I got behind in my posts last week and we’ve got a wonderful week ahead of us — so much so that I’d like to put each post at the top of each day! Well, last week’s busy-ness meant I didn’t get Alan Jacobs’ Original Sin online, so here it is. The chp swipes a line from The Vision of Tondal where the angel points to some in purgatory with these words: “These are the wicked, but not very.” Which words provide a line of thinking that goes out for a stroll in this chp: namely, yes, we are all sinners but some are not as bad as others.
Original sin is often involved in major church and cultural battles. Do you see an original sin battle at work today? Where?
And Jacobs jaunts from group to group: we start with two groups of Jewish theologians — those who believed in a strong sense of original sin, like R. Morteira, and those who thought all Israel would be saved, like Aboab the Kabbalist. Aboab developed a Jewish form of reincarnation (gilgul neshamot) so that the disobedient could come back and learn Torah faithfulness.

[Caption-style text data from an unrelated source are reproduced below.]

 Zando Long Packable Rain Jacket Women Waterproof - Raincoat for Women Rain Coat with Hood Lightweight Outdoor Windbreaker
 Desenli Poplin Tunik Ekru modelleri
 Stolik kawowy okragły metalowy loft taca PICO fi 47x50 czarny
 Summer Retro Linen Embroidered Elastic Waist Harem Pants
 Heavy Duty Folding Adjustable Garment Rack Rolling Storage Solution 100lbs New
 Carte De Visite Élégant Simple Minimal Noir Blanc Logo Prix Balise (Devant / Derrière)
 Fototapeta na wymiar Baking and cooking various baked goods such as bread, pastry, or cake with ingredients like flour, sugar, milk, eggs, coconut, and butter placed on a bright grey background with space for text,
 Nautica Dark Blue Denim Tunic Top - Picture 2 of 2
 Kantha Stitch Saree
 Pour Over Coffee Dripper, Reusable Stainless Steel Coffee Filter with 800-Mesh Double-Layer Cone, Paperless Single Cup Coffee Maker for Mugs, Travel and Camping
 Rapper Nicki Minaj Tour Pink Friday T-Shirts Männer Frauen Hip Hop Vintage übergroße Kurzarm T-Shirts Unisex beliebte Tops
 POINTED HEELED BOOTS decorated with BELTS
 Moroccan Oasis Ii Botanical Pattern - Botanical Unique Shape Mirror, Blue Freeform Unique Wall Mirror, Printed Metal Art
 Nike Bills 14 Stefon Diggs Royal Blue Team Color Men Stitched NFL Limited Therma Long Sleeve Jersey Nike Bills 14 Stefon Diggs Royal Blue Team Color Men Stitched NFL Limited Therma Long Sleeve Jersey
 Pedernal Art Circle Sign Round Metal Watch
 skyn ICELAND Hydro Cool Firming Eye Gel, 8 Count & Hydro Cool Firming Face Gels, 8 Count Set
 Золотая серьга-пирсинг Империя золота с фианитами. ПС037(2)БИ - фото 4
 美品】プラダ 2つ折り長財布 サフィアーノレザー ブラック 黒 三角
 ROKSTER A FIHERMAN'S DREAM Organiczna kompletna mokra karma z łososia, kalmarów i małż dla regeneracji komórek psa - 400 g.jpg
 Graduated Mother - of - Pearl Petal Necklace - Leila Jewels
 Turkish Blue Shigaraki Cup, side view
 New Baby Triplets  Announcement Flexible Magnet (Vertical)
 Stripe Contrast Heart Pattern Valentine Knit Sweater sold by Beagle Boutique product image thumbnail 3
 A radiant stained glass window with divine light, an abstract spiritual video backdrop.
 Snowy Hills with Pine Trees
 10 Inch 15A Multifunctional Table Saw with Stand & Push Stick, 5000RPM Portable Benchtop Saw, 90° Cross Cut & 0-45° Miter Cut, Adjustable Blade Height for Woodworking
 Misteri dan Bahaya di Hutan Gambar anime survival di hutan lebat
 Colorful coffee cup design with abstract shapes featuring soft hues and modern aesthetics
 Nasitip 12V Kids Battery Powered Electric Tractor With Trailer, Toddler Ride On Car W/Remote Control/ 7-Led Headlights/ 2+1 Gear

Dutch Calvinism was Augustinian, but this was only a development of the Reformers who each believed in original sin as the fundamental problem to be addressed by the gospel. Erasmus, though, in In Praise of Folly, thought the debate about how sin was transmitted absurd.
And this leads to an exceptional sketch of the rise of Janensism in France, a theological movement that was robustly Augustinian and that fought (and lost) its battles with the ruling Jesuits. Power has a way of winning. And tied into Janenism was Blaise Pascal and his famous Pensees, one of the most enduring theological reflections of all time.
Jacobs: “So, in the view of the Parisian Jesuits, original sin impedes us little or not at all in our quest for righteousness, in part because the righteousness we seek is such small beer” (115). For Pascal, fire and holiness and fear of God go to the very heart of the gospel. Jacobs summarizes Pascal: “Those who, like his Jesuit enemies, compromise the holiness of God and elevate the stature of fallen humanity do not know — and therefore prevent others from knowing — the miracle of divine grace” (116). Thus, for Pascal to know grace one must feel the weight of one’s sin.
And this leads to John Bunyan in his battles with Quaker (Nayler) and latitudinarian Anglican contemporaries (Fowler): those who defend the Augustinian view of original sin, so Jacobs argues, are in for a battle.